Go here for my latest MCAD news posts.

August 17, 2009   5 Comments

Alibre Design Xpress 11 won’t import STEP files

Alibre continues to restrict Alibre Design Xpress’ functionality; in Xpress 11 after the 30 day evaluation runs out, you can only import AutoCAD (DWG, DXF) files, and export STL files.

I’ve used Xpress occasionally since it was introduced in 2005, and I’ve never had problems importing STEP  (or IGES) files until recently.  Since I mainly use mechanical CAD to model PCBs populated with manufacturer provided part models (typically in STEP or IGES formats), this means Xpress is no longer useful.  As far as I’m concerned, Xpress is now basically just a trial version — great if you want to evaluate Alibre Design before buying, but not useful on its own.

Since I’m not making any money from the PCBs, my budget for MCAD software is basically $0 (OK, I might go up to $250 for software that did a really great job).  If I were primarily doing mechanical design, especially for money, then my budget would be different.

I’m still thinking about what I want to do; my default option is to model in CoCreate PE, which only exports STL and VRML files, but at least it imports DWG, DXF, STP, and IGES files, so it’s still easy to model PCBs in CoCreate and check that all the pieces fit together.

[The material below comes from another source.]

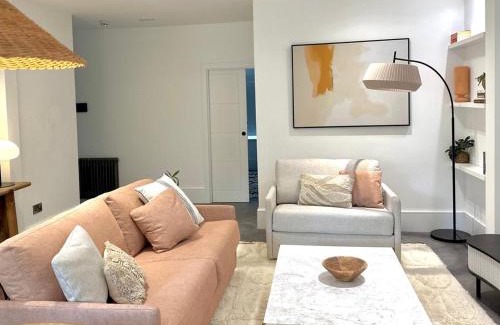 Queen's Park Apartamento | Gorgeous newly refurbished 2 bedroom apartment in London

Go here for my latest MCAD news posts.

August 7, 2009   5 Comments

Alibre Design Xpress: Now a secret

It appears that Alibre is now trying to keep Design Xpress (the free version, with limitations such as five unique parts per assembly) a secret.  There are now no references to Design Xpress on Alibre’s home page or Products page.  Many of the links, such as the product page for Design Xpress and the feature comparision, now return “Page does not exist” errors.  However, a page giving the differences between Design Xpress and the Design trial still exists.

Although I haven’t tried downloading and installing to verify, it appears Xpress still does exist, since the registration page for the Design Professional trial still says: “After 30 days your trial converts to Alibre Design Xpress, which has no time limit.”

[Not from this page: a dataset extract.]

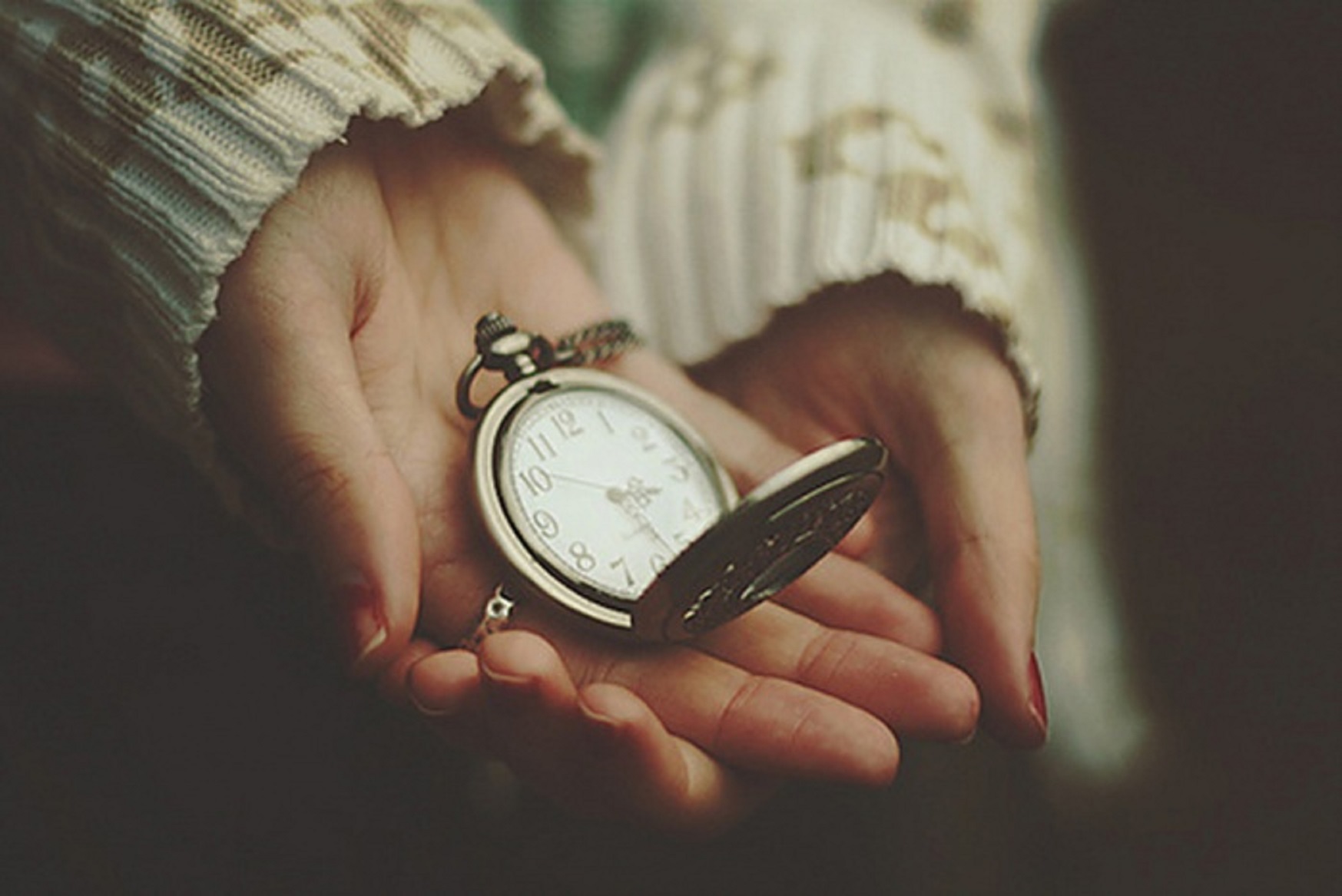 Девушка подарила часы. Часы на руке. Фотосессия с часами. Ожидание часы. Человек часы.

Go here for my latest MCAD news posts.

June 24, 2009   6 Comments

Viewing STEP files

Why am I interested in viewing and measuring STEP files?  Because I can make a better automation PCB if I can use STEP files.  Mechanical engineers, of course, like 3D models they can import and use in assemblies, but I am mainly concerned with PCBs.

There are a variety of standard 3D file formats, including IGES, STEP, 3D PDF, STL, VRML, ACIS, and 3D PDFs.  The most common formats for electrical components are IGES, STEP, and, recently, 3D PDFs.  My experience is that STEP files typically import with fewer problems than IGES; 3D PDFs are very nice for viewing parts, but unless the file creator took the proper steps, cannot be used for measuring.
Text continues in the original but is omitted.